«No es mi intención ni pensamiento que será tan acertado lo que yo dijere aquí que se tenga por regla infalible, que sería desatino en cosas tan dificultosas. Como hay muchos caminos en este camino del espíritu, podrá ser acierte a decir de alguno de ellos algún punto».
(SANTA TERESA DE JESÚS, Fundaciones c. 5, 1)

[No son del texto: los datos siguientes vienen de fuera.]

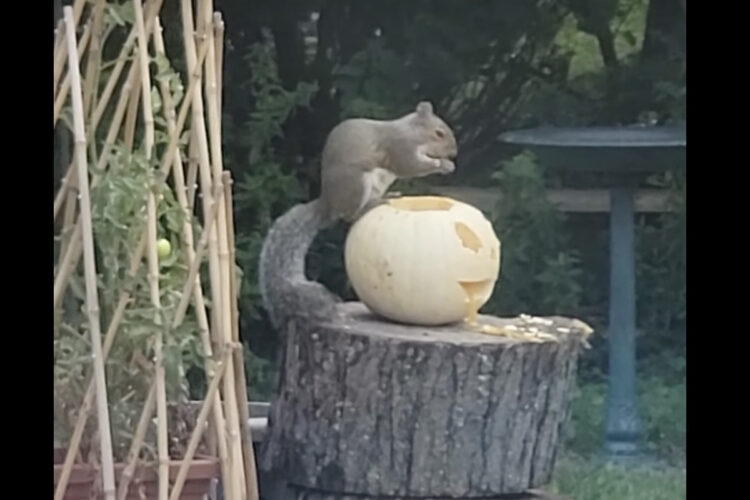 夢中で食事を摂るリス。もぐもぐ一心不乱に食べ進めるのは、ハロウィン仕様のカボチャです！！【アメリカ・動画】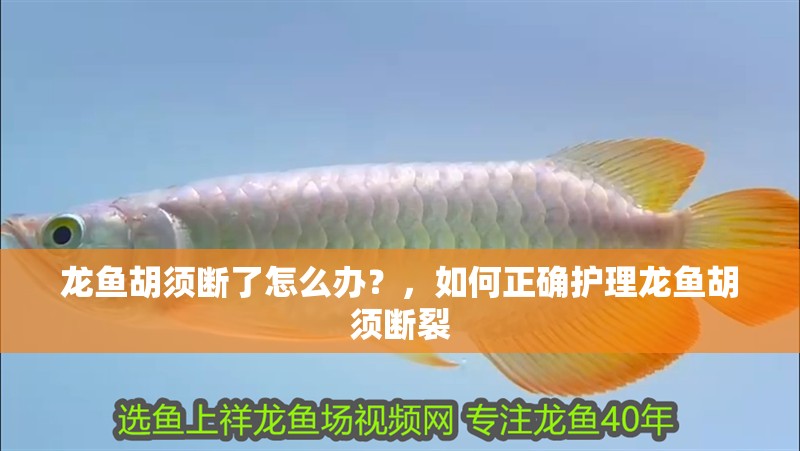 龍魚胡須斷了怎么辦？，如何正確護理龍魚胡須斷裂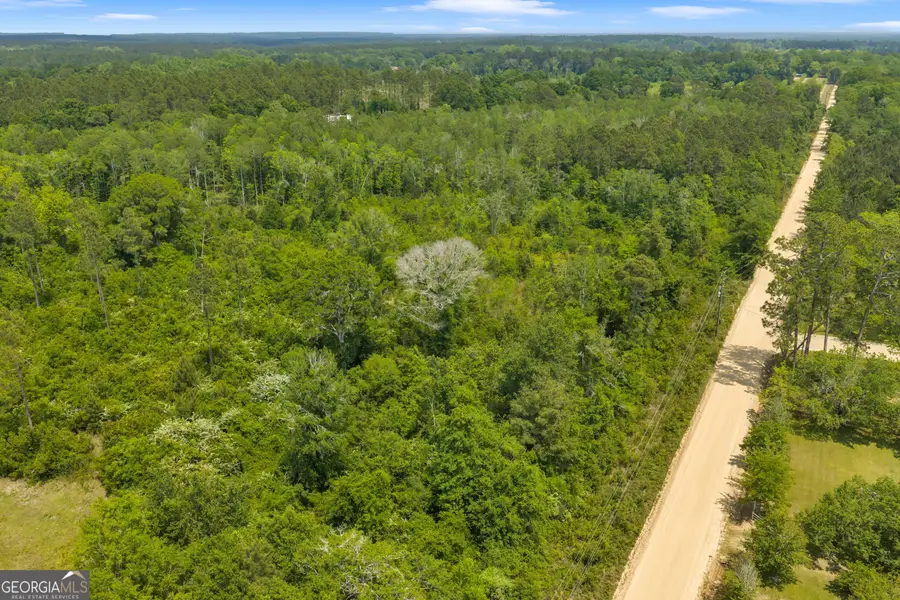 0 Ohio Road, Fitzgerald, GA 31750 - #3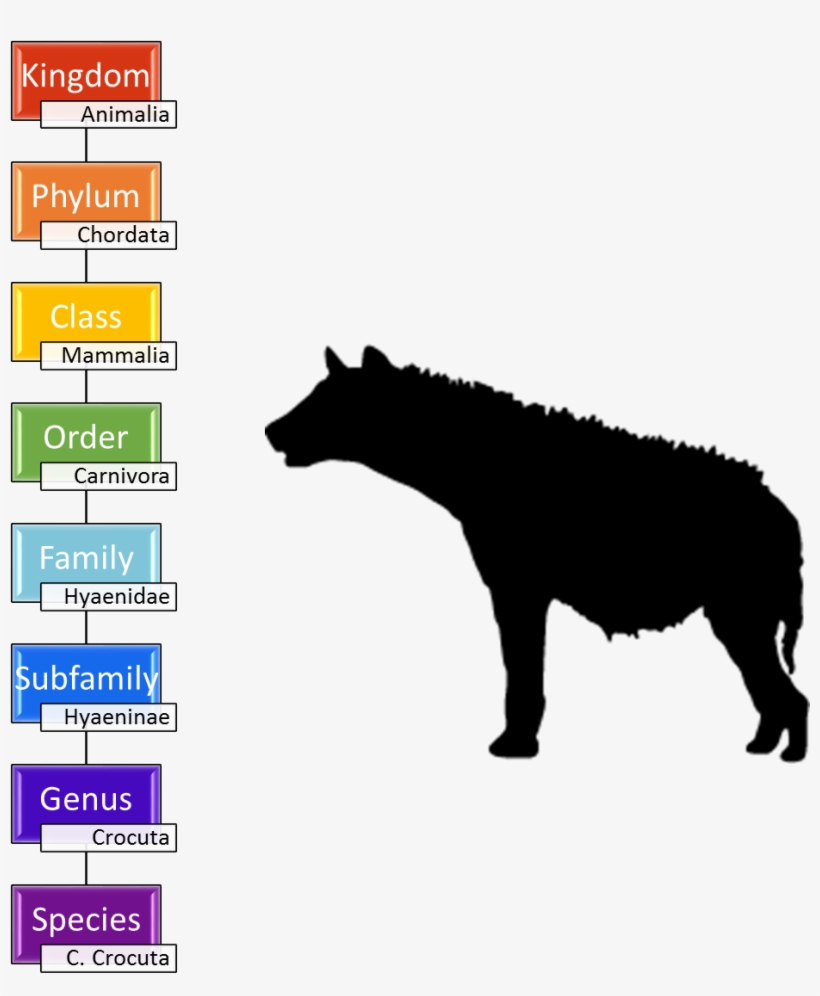 Taxonomy Of The Spotted Hyena - Uber Decals Vinyl Wall Decal Sticker Hyena 701 45x57, transparent png #2242146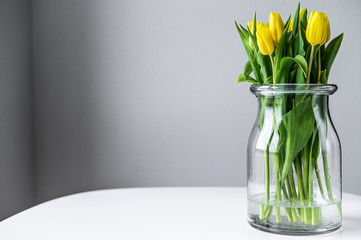 A bouquet of yellow Tulips in a glass vase on a gray background. Side view. Copy space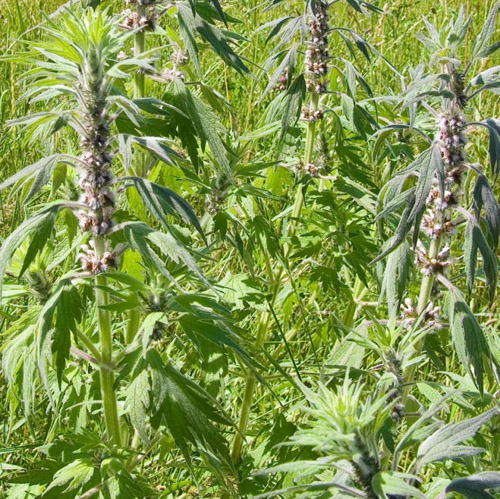 Przydatne właściwości Motherwort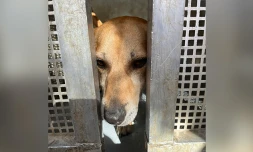 Salazie : les pompiers cherchent celui qui sauvera à son tour ce petit toutou [?]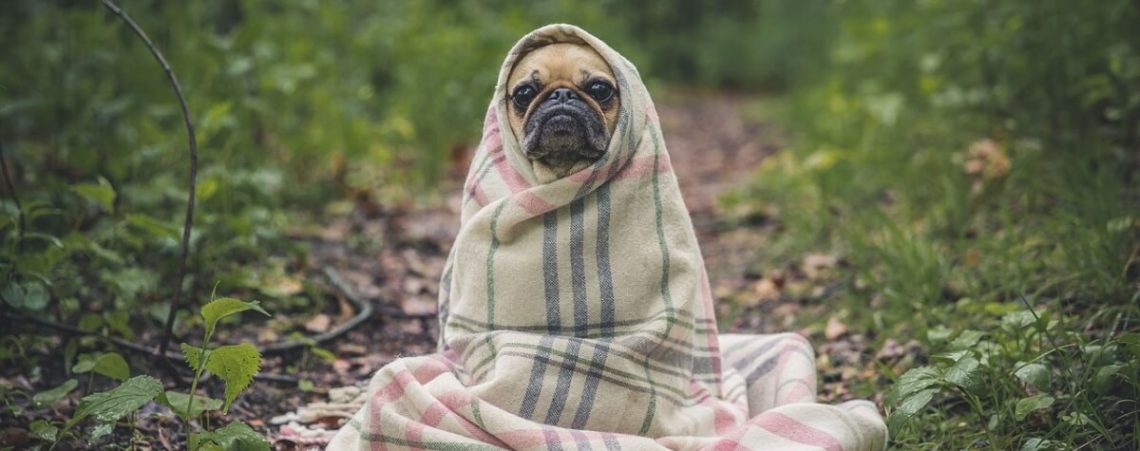 pug-in-blanket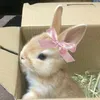 summerwatermelonxx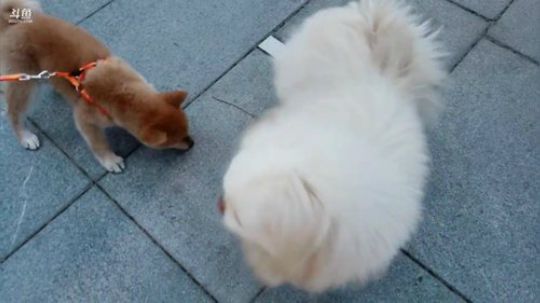 叶知秋：遛狗下午茶晚饭 和小苏菲 2019-03-24 18点场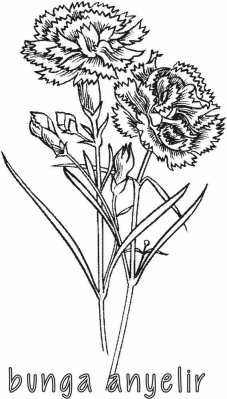 Bunga Anyelir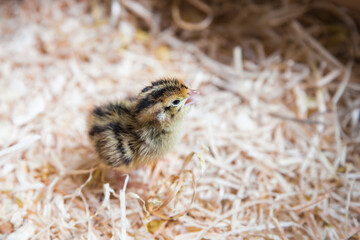 newborn quail chick among the straw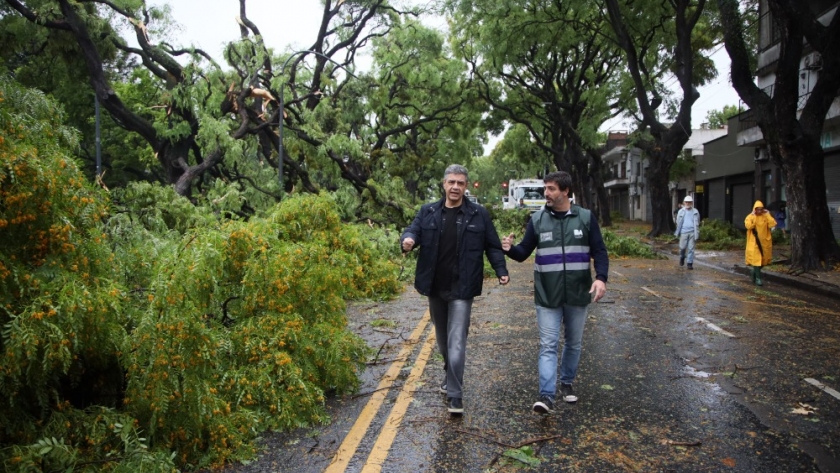 Temporal en la Ciudad: siguen los operativos en las calles con más de 800 personas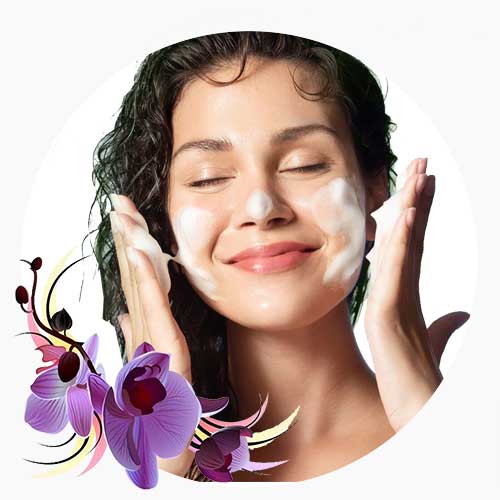 شوینده، میسلار و تونر | اوریفلیم، آون و پیر کاردین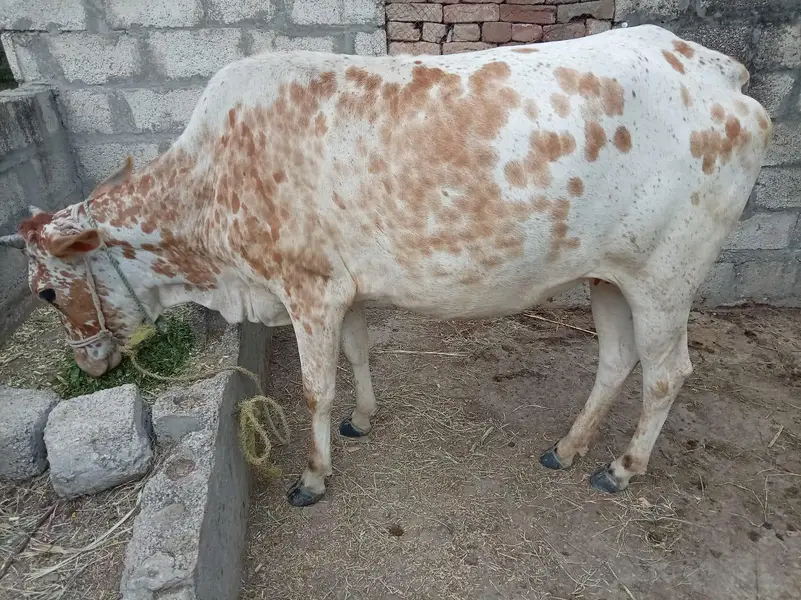 cow for sale rabta number 03216770840 — photo 2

BIEN DICE TERESA. En estos caminos del espíritu cada uno ha de ir por el propio. Con ella y con el poeta diremos que cada caminante siga su camino[1]. ¿Qué pretenden, entonces, estas líneas? Simplemente dejar constancia de algunas experiencias —positivas y no tanto— sobre las distintas fases de la vida interior, invitando al progreso. A conjurar el peligro del estancamiento espiritual: ese estado que se ha dado en llamar almas retardadas[2]. Porque en los ámbitos de lo divino no basta dejar que el tiempo pase: no avanzar es retroceder. Si eso sucede, las ilusiones de juventud serían decepciones de madurez o amarguras de ancianidad. O sorpresas de catástrofes espirituales donde menos las esperábamos.
Con la santa de Ávila soy, pues, consciente, de tratar aquí cosas dificultosas. Pero me atrevo a hacerlo por si acierto a decir algo en algún punto. Si eso sucediera, daría por bien empleado mi trabajo.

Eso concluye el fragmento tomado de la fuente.